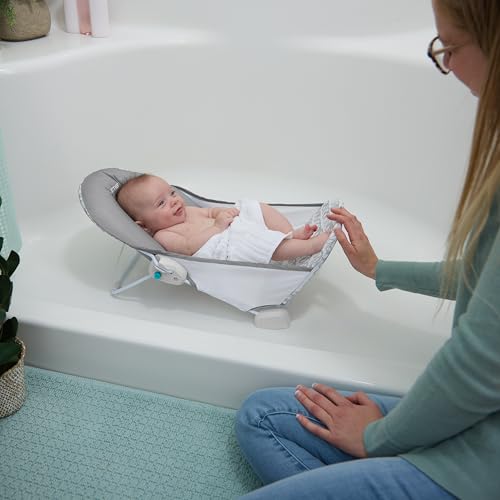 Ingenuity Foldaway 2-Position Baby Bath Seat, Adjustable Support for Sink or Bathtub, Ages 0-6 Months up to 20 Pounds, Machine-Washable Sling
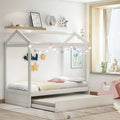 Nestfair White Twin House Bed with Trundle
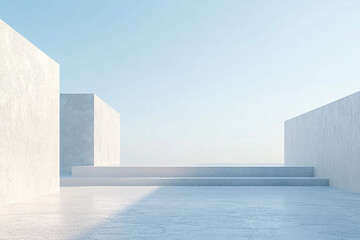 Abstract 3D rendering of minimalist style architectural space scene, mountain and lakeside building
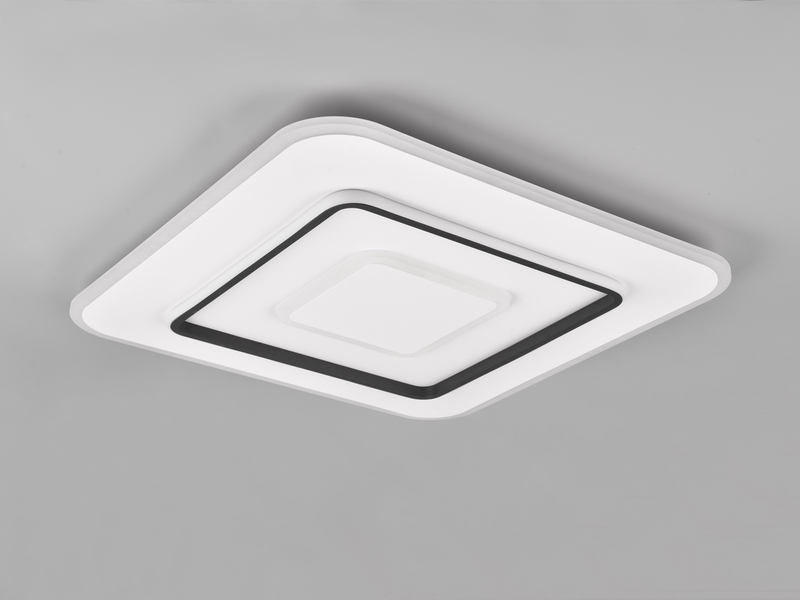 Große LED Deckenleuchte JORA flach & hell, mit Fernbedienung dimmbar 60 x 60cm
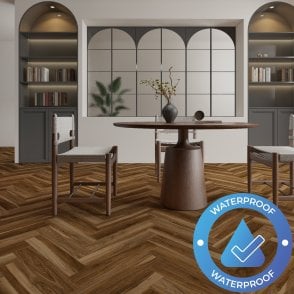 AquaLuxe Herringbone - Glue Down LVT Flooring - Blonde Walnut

══════

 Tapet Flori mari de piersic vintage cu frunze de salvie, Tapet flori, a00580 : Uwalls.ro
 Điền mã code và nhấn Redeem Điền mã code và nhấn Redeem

══════

▶ **Action item**:
Using only the listing above, restate exactly the lines from the line containing "Tapet Flori mari" through the line containing "Điền mã code và nhấn Redeem Điền", both included.

▶ **Answer section**:
 Tapet Flori mari de piersic vintage cu frunze de salvie, Tapet flori, a00580 : Uwalls.ro
 Điền mã code và nhấn Redeem Điền mã code và nhấn Redeem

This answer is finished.